*Problem*
From the entries below, write out exactly the lines between the line holding "Firefox Eklentisi FireShot" and the line holding "Children's set of", inclusive, excluding any pictures.

*Information*
[Start of section]
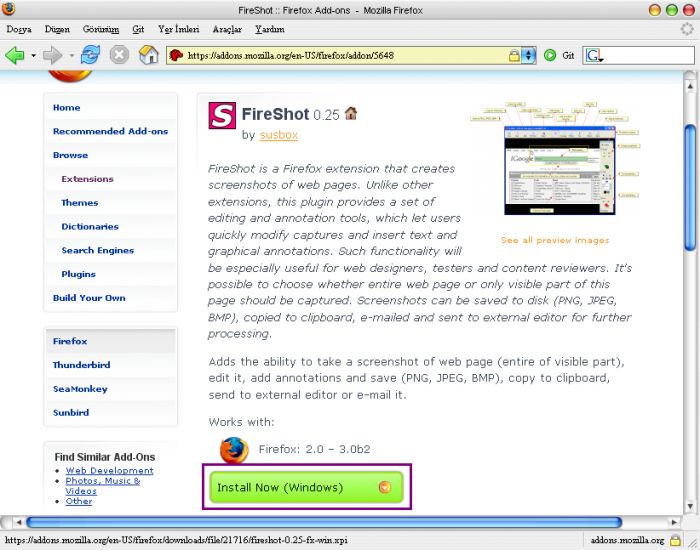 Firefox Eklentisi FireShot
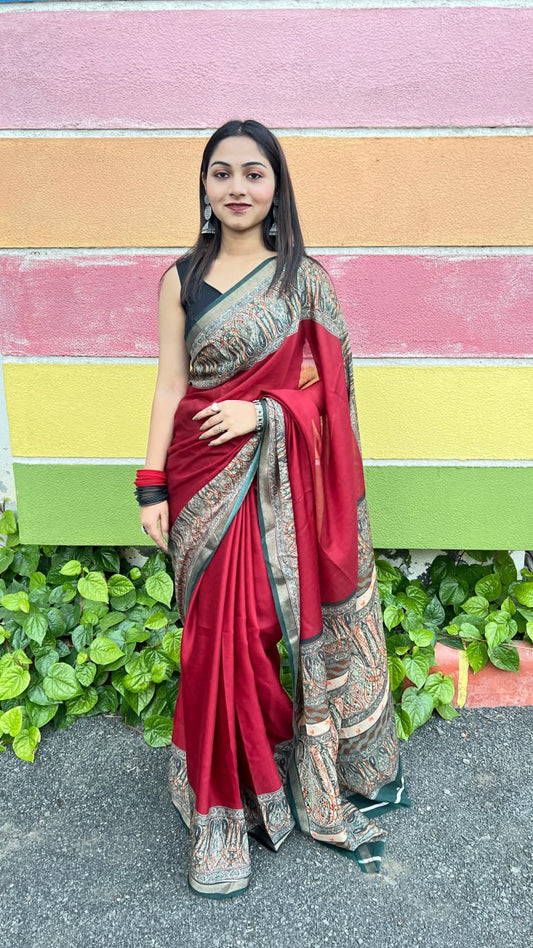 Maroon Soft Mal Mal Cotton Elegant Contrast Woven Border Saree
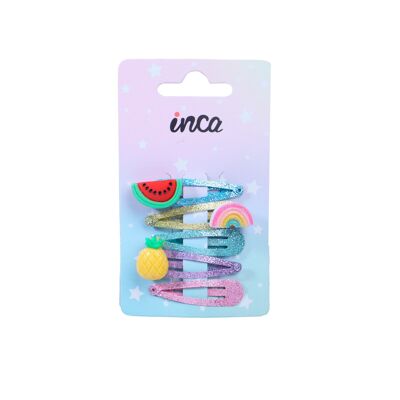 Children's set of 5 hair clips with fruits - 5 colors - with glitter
[End of section]
[Start of section]
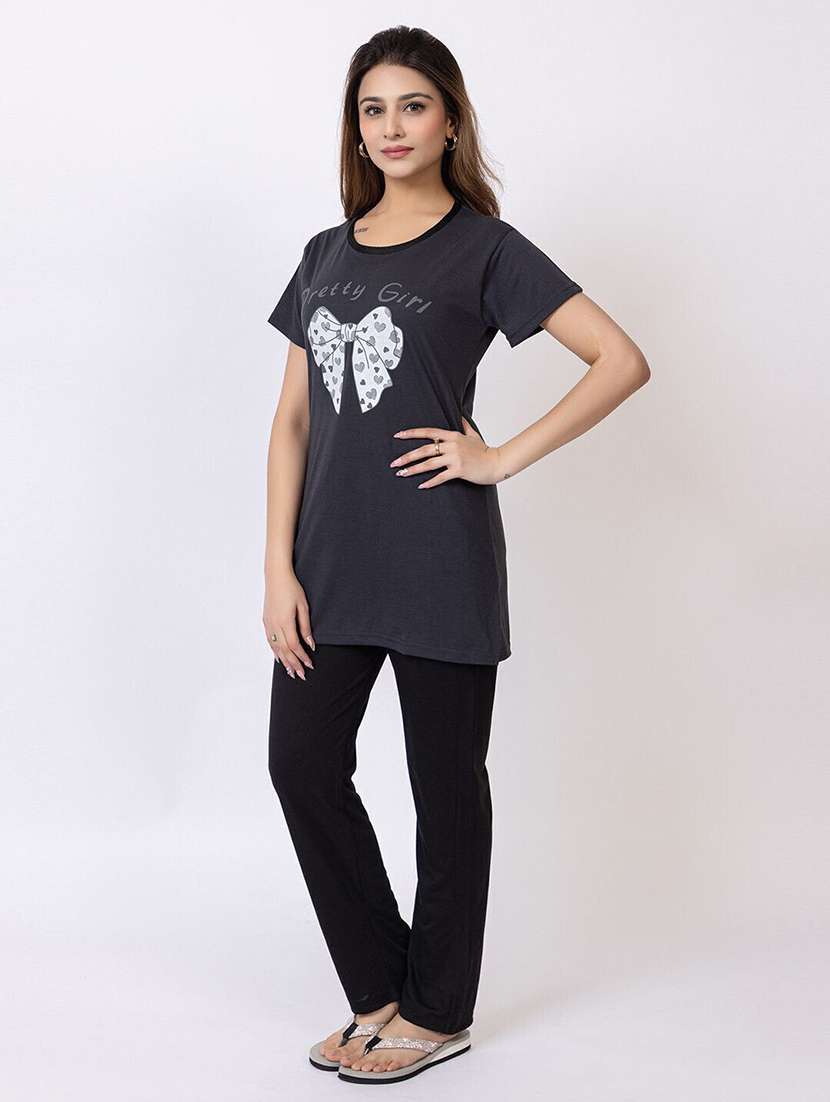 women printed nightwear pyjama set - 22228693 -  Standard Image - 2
[End of section]
*Final answer*
 Firefox Eklentisi FireShot
 Maroon Soft Mal Mal Cotton Elegant Contrast Woven Border Saree
 Children's set of 5 hair clips with fruits - 5 colors - with glitter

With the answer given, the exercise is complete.